Movie stars have way too much power. They try to rewrite scripts as they see fit. If a writer doesn’t incorporate an actor’s suggestions, said writer is fired. On the flip side, if a writer’s work earns the respect and approval of an actor, then said writer is set golden.
Despite not being the highest person on the Totem Pole of Authority, actors certainly have a huge influence over their directors as well. Lennon and Garant believe that “Director is the only entry-level position left in the movie business. You can’t START as the property master or sound mixer. Or even as the assistant director. You have to work your way up. The only job you can get on a movie set with no experience whatsoever is: director. So is it like joining the Army and being made a four-star general on the same day? Yes, it is. And it happens all the time.”
Of course, directors have to answer to studios – but guess what? According to Smith, studios suck too.

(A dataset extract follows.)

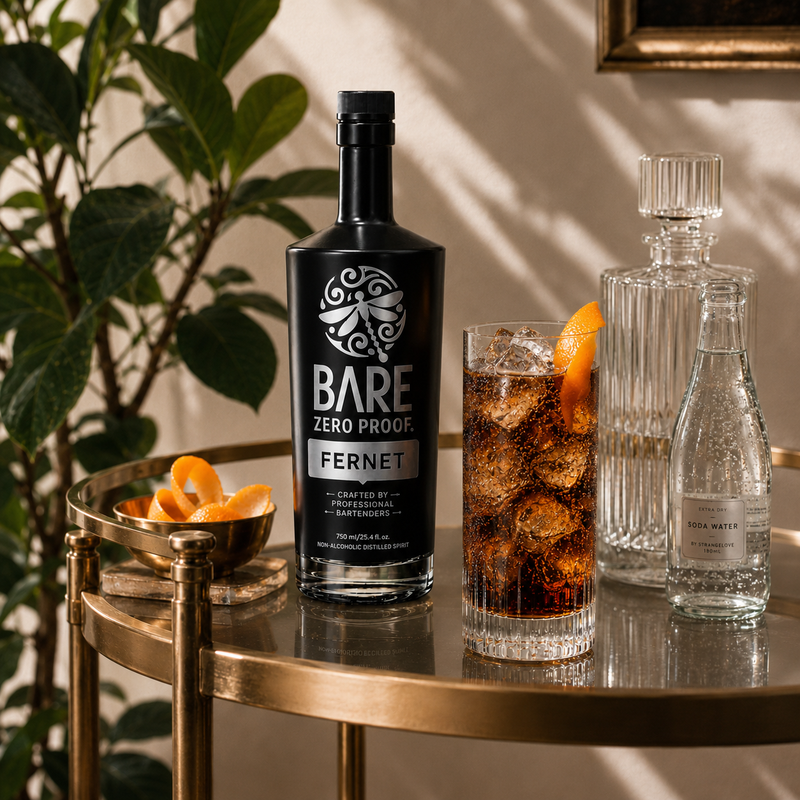 BARE Fernet Amaro Spritz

Studio executives are so frequently hired and fired that one must step on egg shells to make a long-term career. If an executive makes a movie similar to a past release, he/she can defend the decision by claiming, “It worked before. Who knew it wouldn’t work again? Can I please stay in this nice comfy office?” Now you know why content déjà vu is so prevalent these days.
The fact that nepotism is alive and well within Hollywood doesn’t help much either. The unqualified grandchildren of studio heads are clogging the system. Uneducated in the art of film, they keep their jobs due to family connections – not because they do anything to better the family business.
Which leads us to the final problem with Hollywood: it’s run like a nothing more than a business. Smith uses the example of the upcoming ‘Red Dawn’ remake, which has changed the story’s villains from Chinese to North Korean in post-production simply so that the film can play in the lucrative Chinese market. It’s all about business.
In my interview with ‘Everybody Loves Raymond’ creator Phil Rosenthal last week, he criticized the Hollywood system for its overuse of merchandise-friendly films. “It’s very hard to get a movie made nowadays if you’re not selling a toy,” he said. See Morgan Spurlock’s documentary ‘The Greatest Movie Ever Sold’ for real-life examples of how product placement damages the integrity of the art.
Marketing, product placement and sequels are destroying original filmmaking, but ultimately, the audiences who attend such terrible films are primarily to blame. If the masses would stop handing over their hard-earned cash for sub-par entertainment, Hollywood would stop churning it out. Unfortunately, until that happens, nothing will change.